GCC is configured at build time to support one backend, that is implicit
when compiling. Clang is explicit via the use of `-target <triple>` and
ships with all supported backends by default.
GNU Make feature test macros that compile then link will always fail
when cross compiling with Clang unless Clang's triple is passed along to
the compiler.
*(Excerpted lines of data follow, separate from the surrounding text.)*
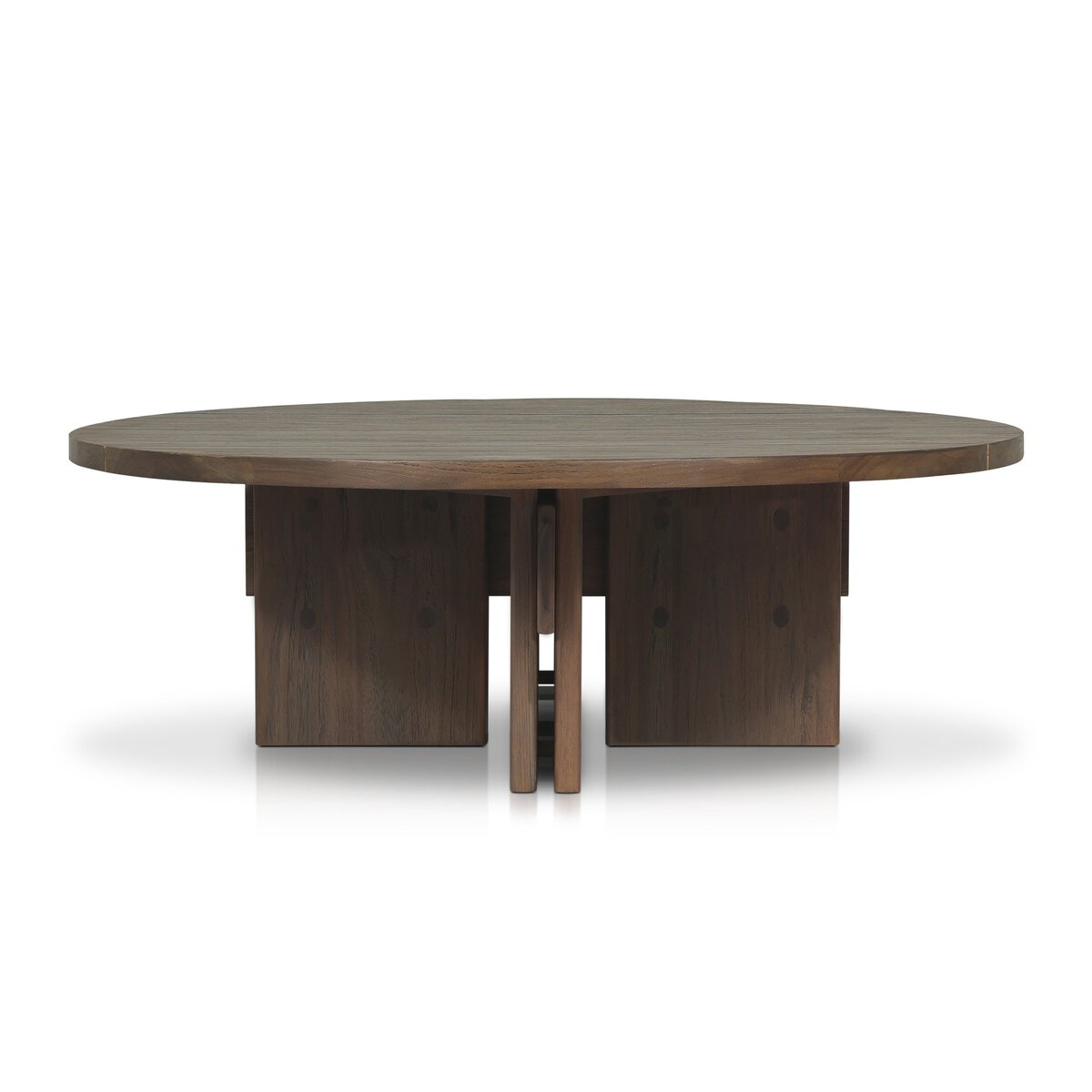 Railay Outdoor Coffee Table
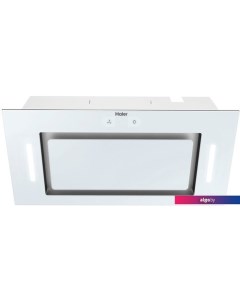 Кухонная вытяжка HVX-BI652GW Haier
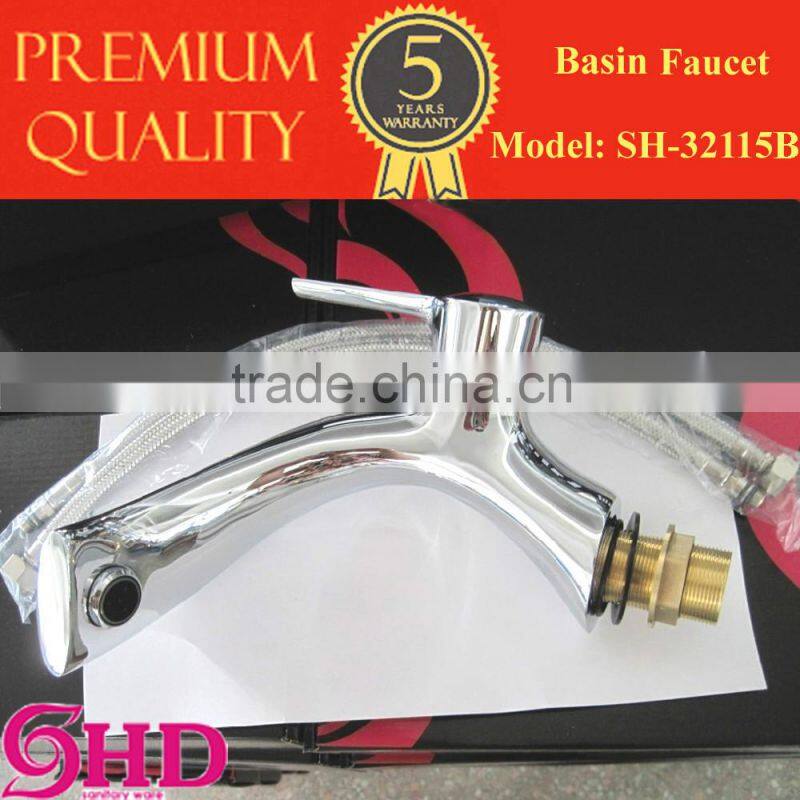 2016 health faucet SH-32115B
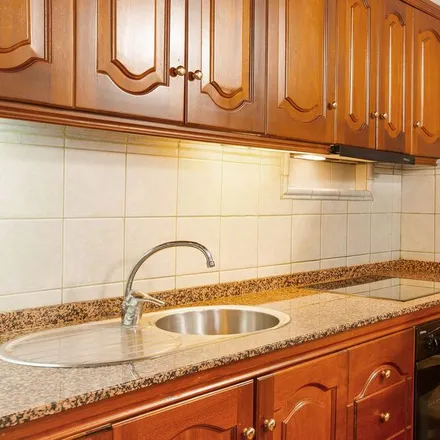 Rent this 1 bed house on Tejeda in Las Palmas, Spain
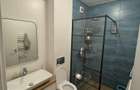 Apartament cu 2 camere, 70 mp, Damila - 8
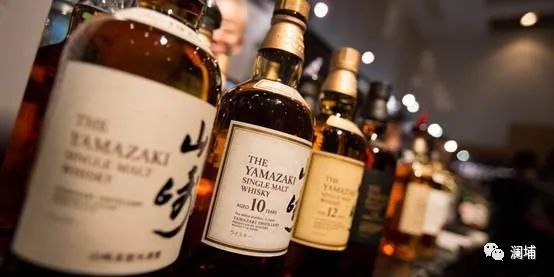 威士忌酿造工艺课通知 威士忌酿造工艺课通知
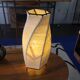 Lampe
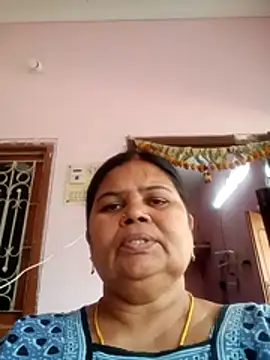 dheepika11 online show from 04/30/26, 06:09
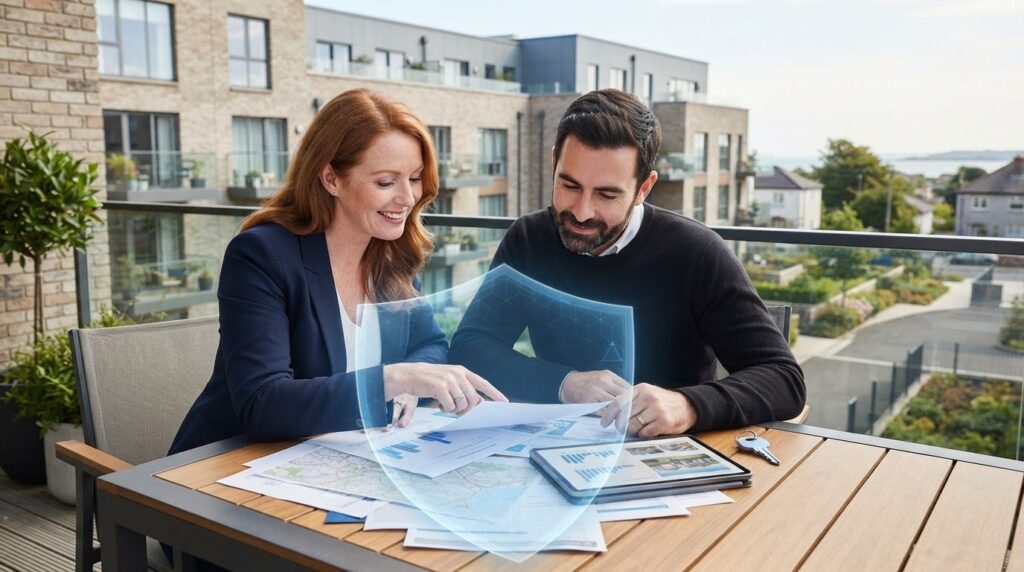 Do I Need Mortgage Protection for a Buy-to-Let? A Guide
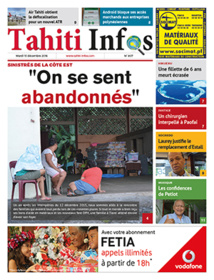 Cliquez sur l'image pour lire le journal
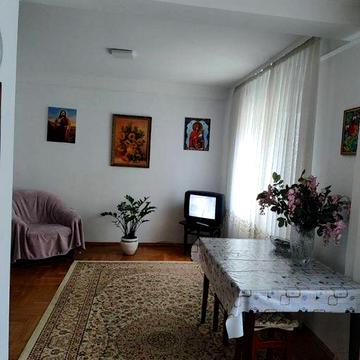 Сдам 3к кв центр Хортицкого р-на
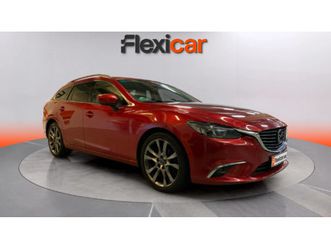 2.5 ge at l.+p.+ t.+sr (cn) wgn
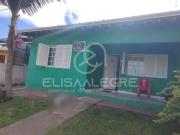 Casa Térrea 4 quartos, Getúlio Vargas, Sapucaia do Sul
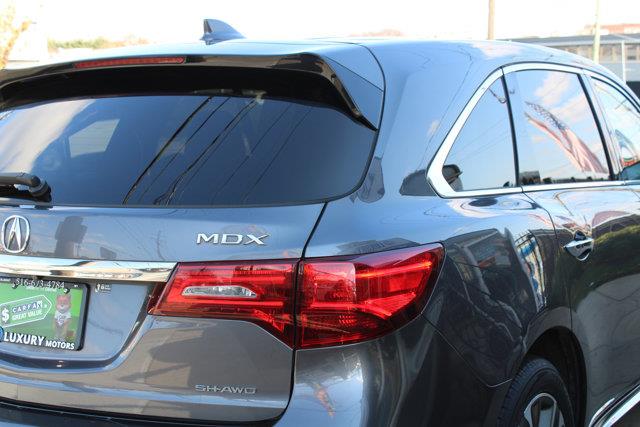 2020 Acura Mdx w/Technology Pkg, available for sale in Elmont, New York | NY Luxury Motors. Elmont, New York 2020 Acura Mdx w/Technology Pkg, available for sale in Elmont, New York | NY Luxury Motors. Elmont, New York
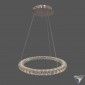 chandelier Globo Marilyn I (67037-24)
For example:
$ clang -x c /dev/null -c -o temp.o
$ aarch64-linux-android/bin/ld -E temp.o
aarch64-linux-android/bin/ld:
unknown architecture of input file `temp.o' is incompatible with
aarch64 output
aarch64-linux-android/bin/ld:
warning: cannot find entry symbol _start; defaulting to
0000000000400078
$ echo $?
1
$ clang -target aarch64-linux-android- -x c /dev/null -c -o temp.o
$ aarch64-linux-android/bin/ld -E temp.o
aarch64-linux-android/bin/ld:
warning: cannot find entry symbol _start; defaulting to 00000000004002e4
$ echo $?
0
This causes conditional checks that invoke $(CC) without the target
triple, then $(LD) on the result, to always fail.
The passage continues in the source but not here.